If the shrill tone of Labor’s attack literature is a guide, the party must be crapping its dacks in Northcote — a seat held continuously by the party since 1927 and currently seriously threatened by Greens candidate Trent McCarthy, a Darebin City councillor.

It’s the timebomb left ticking since the 2013 federal election, where Batman MP David Feeney moved from the Senate to the lower house. Feeney lost 14 of 23 primary vote contests with the Greens and posted an overall lower primary vote — making preferences tough to predict — at polling booths in the south of the Batman electorate, overlaid by Northcote and part of the Darebin council local government area.

McCarthy has some wind in his sails and hopes to channel some goodwill from his time on the Labor-dominated council, which was plunged into disrepute with an ombudsman’s investigation, and has brought support for a former Labor mayor, Gaetano Greco.

“I want Labor to win the state election, but it’s time we had change in Northcote. I’m backing Trent McCarthy to get things done,” Greco said. “In the interests of Darebin I’m putting party politics aside.”

“As a former Labor mayor, I want change that’s in the best interests of residents,” Greco told Crikey. “I’ve worked with Trent for six years on Darebin Council and I trust him to work hard on behalf of our community in the Victorian Parliament.”

“Only Trent is fighting for the changes we need.”

Labor insiders couldn’t help noticing Greco has taken many opportunities lately to bag the party, telling Crikey things like: “Labor has taken our area for granted for far too long. But now, the seat of Northcote is on the cusp of change.”

In direct mail authorised by Feeney, Darebin Council — and McCarthy himself — is attacked for raising rates since 2009 “by 30% or more”.

“Every year the Greens Party Candidate and local Councillor has supported these increases!” the pamphlet dramatically states.

For the past eight years McCarthy was one Green among mostly Labor councillors. McCarthy addressed the pamphlet’s accusations: “Rate rises have actually been lower since I’ve been on the council, down from 6-7% before 2009 to 4-5% from 2009 – 2014.”
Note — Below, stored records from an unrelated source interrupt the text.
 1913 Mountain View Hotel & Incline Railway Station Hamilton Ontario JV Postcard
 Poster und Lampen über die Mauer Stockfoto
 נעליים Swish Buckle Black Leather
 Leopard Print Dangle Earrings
Northcote incumbent state MP Fiona Richardson says of the pamphlet’s content: “That’s politics.”

She says singling out McCarthy in the pamphlet is not to put the rate rises on him, but to point out the Greens’ policy to block Labor’s proposal to cap council rates.
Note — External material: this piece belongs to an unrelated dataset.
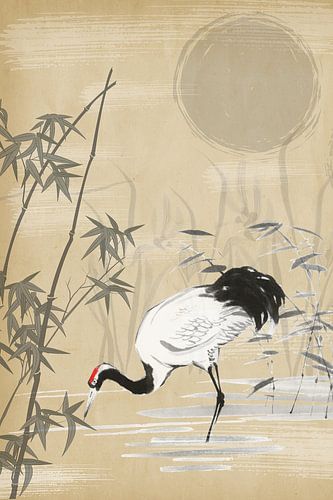 Cigogne minimaliste avec roseaux et eau - Art moderne en noir, gris et blanc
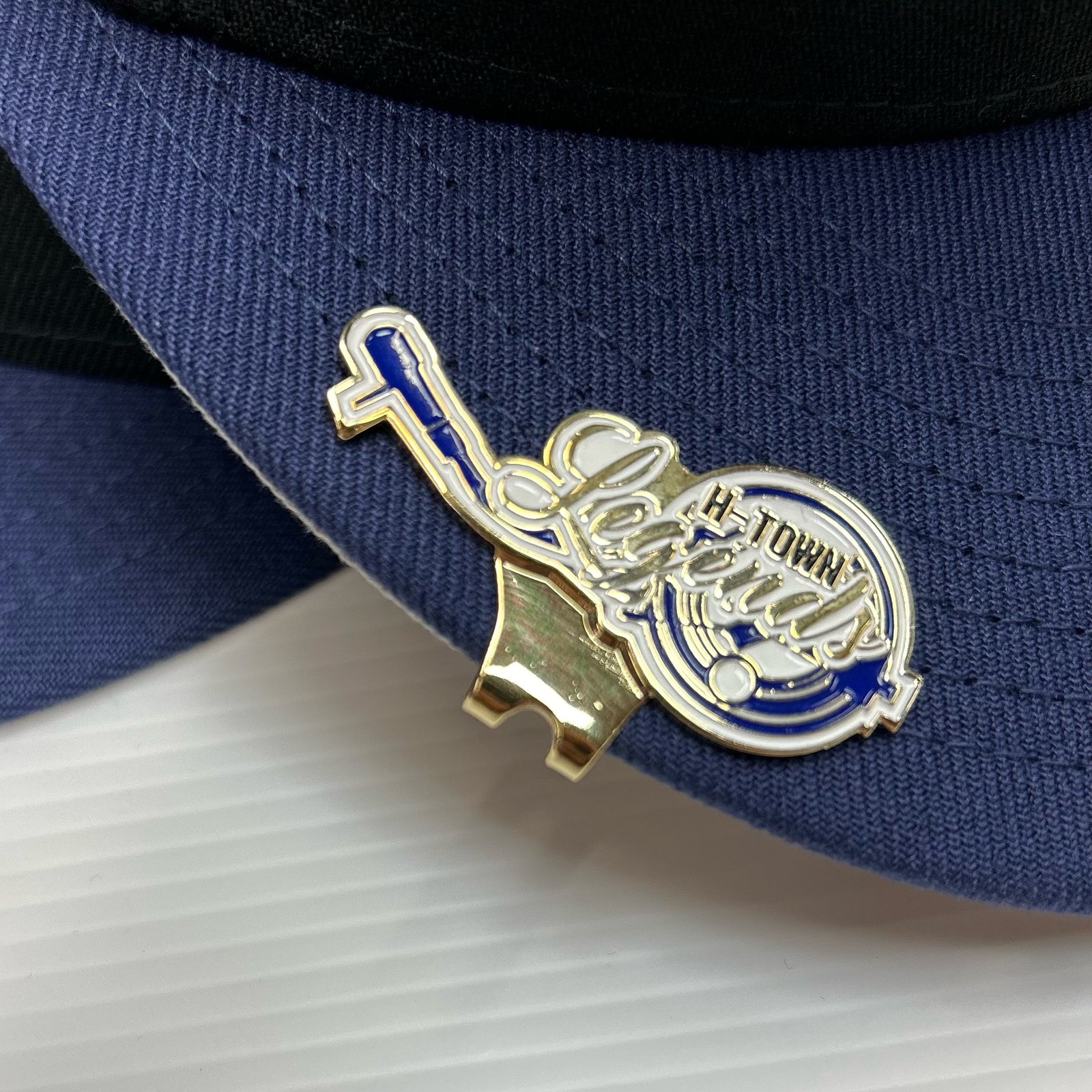 New Era 59Fifty Black Navy Gold w/ H-Town Legends Blip included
“We all know in the inner city this is a monster of an issue,” she said.

But why is Feeney involved in a state stoush? Rules on using electorate communications funds are pretty clear on whether Feeney can claim printing and distribution costs.
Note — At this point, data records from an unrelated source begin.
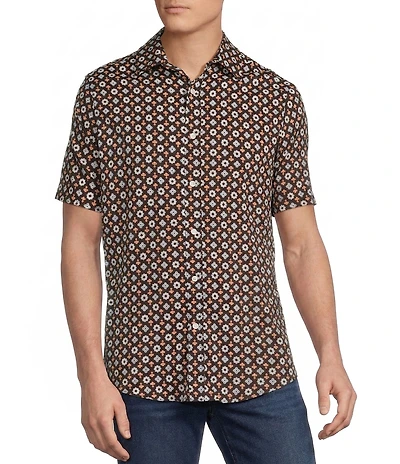 Cremieux Big & Tall Premium Denim Geometric Short Sleeve Woven Shirt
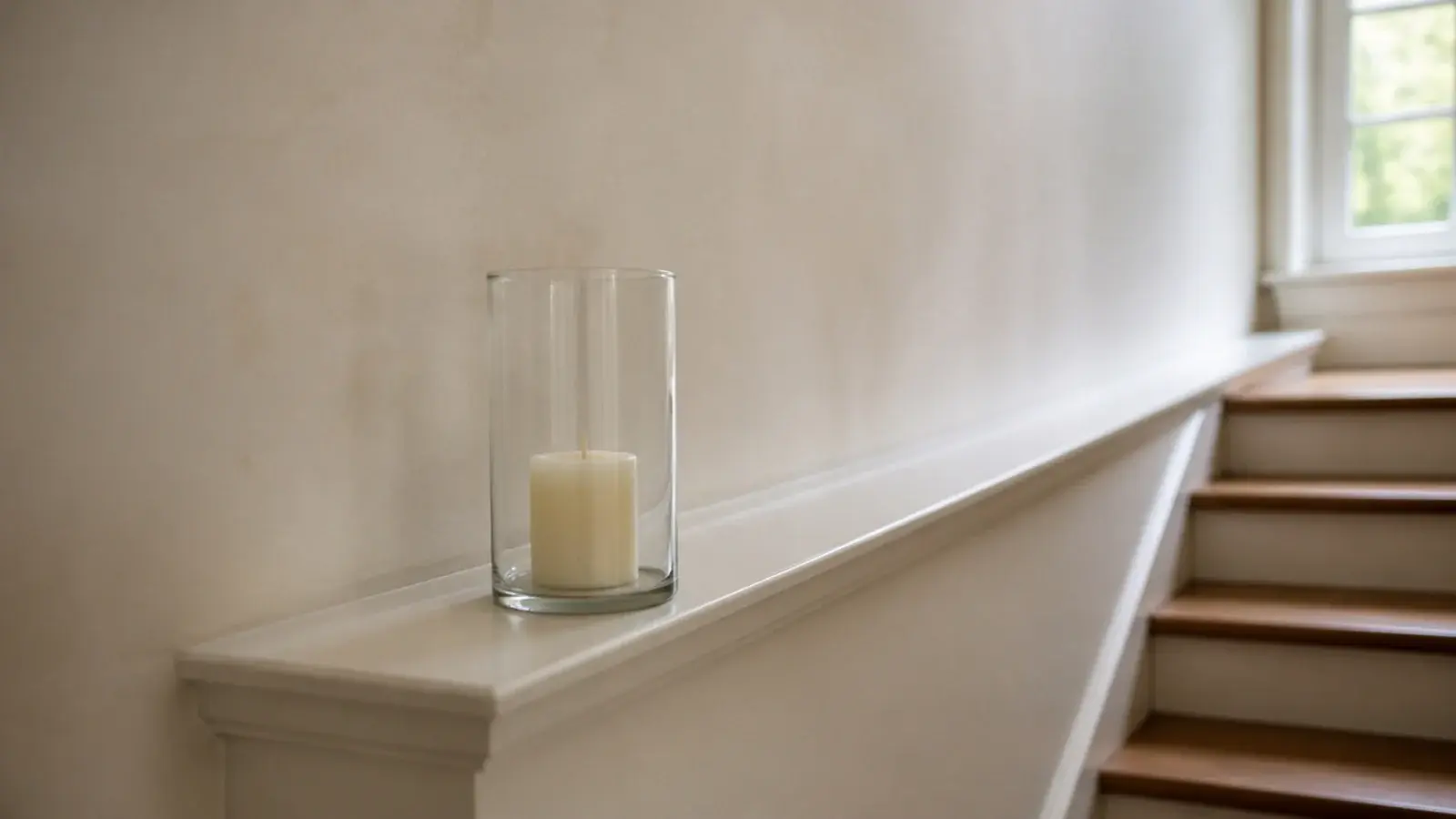 hurricane glass sheltering a candle on a narrow stair ledge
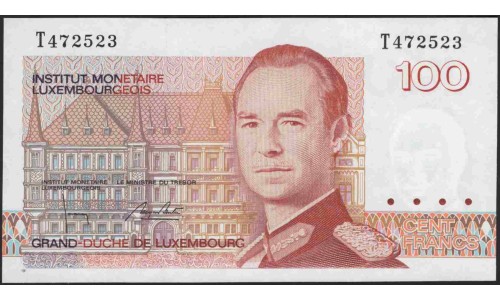 Люксембург 100 франков 1986 (LUXEMBOURG 100 Francs 1986) P 58b : UNC
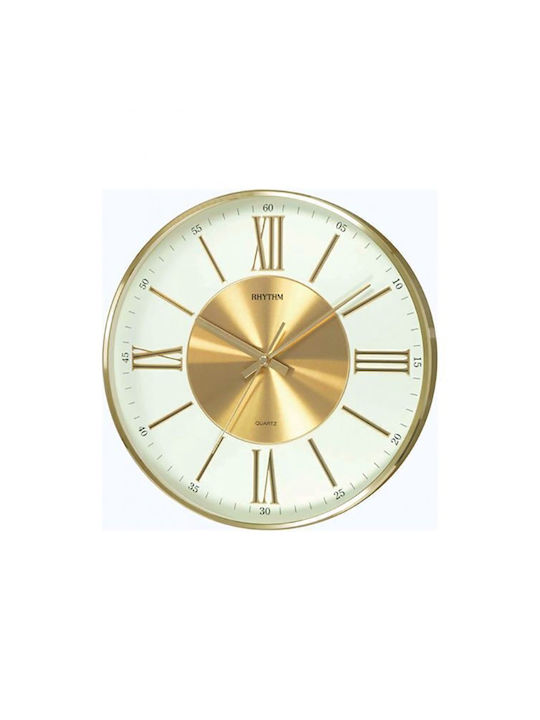 Rhythm Leise Wanduhr Metallisch Weiß 30.8x4.5cm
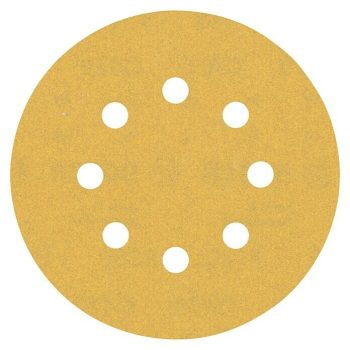 Craftomat Hoja de lija C 1061 Grano: 180 - Diámetro: 125 mm - 1 ud. - 8 agujeros|Mínimo 50 unidades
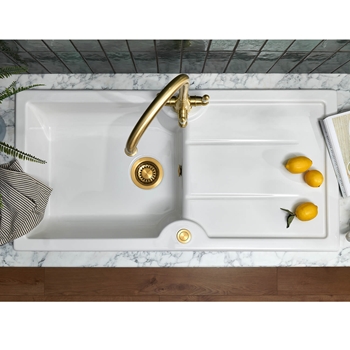 Thomas Denby Harmony XL 1 Bowl Ceramic Kitchen Sink & Presto Automatic Waste with Reversible Drainer - 1000 x 500mm
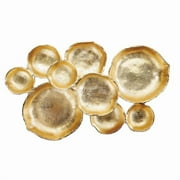 Gold Modular Bowl Set with Connecting Compartments,Irregular-Shaped Serving Platter for Parties,Food-Grade Metal and Dishwasher Safe,Space-Saving Centerpiece for Snacks,Dips,or Appetizers.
The $75,000-a-year allowance “must only be used for parliamentary or electorate purposes, and must not be used for party business,” according to guidelines in the federal Department of Finance’s entitlements handbook.

MPs have the option of checking the content of the publications with the Ministerial and Parliamentary Services team. Crikey has asked the Department of Finance whether Feeney’s pamphlet went over the line, but did not hear back before deadline.

The “smear” against him has become “VexNewsy, extravagant, shouty,” McCarthy said.

One pamphlet authorised by Richardson alleging McCarthy “opposes” building a new bridge to replace an ancient and congested two-lane bridge has been reported to the Victorian Electoral Commission. The complaint alleges the ALP pamphlet “is false and deliberately intended to mislead voters”. The VEC has not yet responded to the complaint, but McCarthy points to his own electoral material from September, in which he proposes to get the bridge built with a lane for buses.

On September 3 the Northcote Leader reported McCarthy had launched his plan to duplicate the bridge with an extra transit lane down the middle.

“I don’t care that it’s three, four or five weeks since Trent McCarthy had this brainwave to duplicate Chandler Highway Bridge,” Richardson said. “It’s taken six years for the penny to drop for the Greens.”

The bridge currently tops the RACV’s red spot list of road congestion spots in Melbourne and has been in the top 10 since 2006 and has appeared regularly on the list as early as 2002.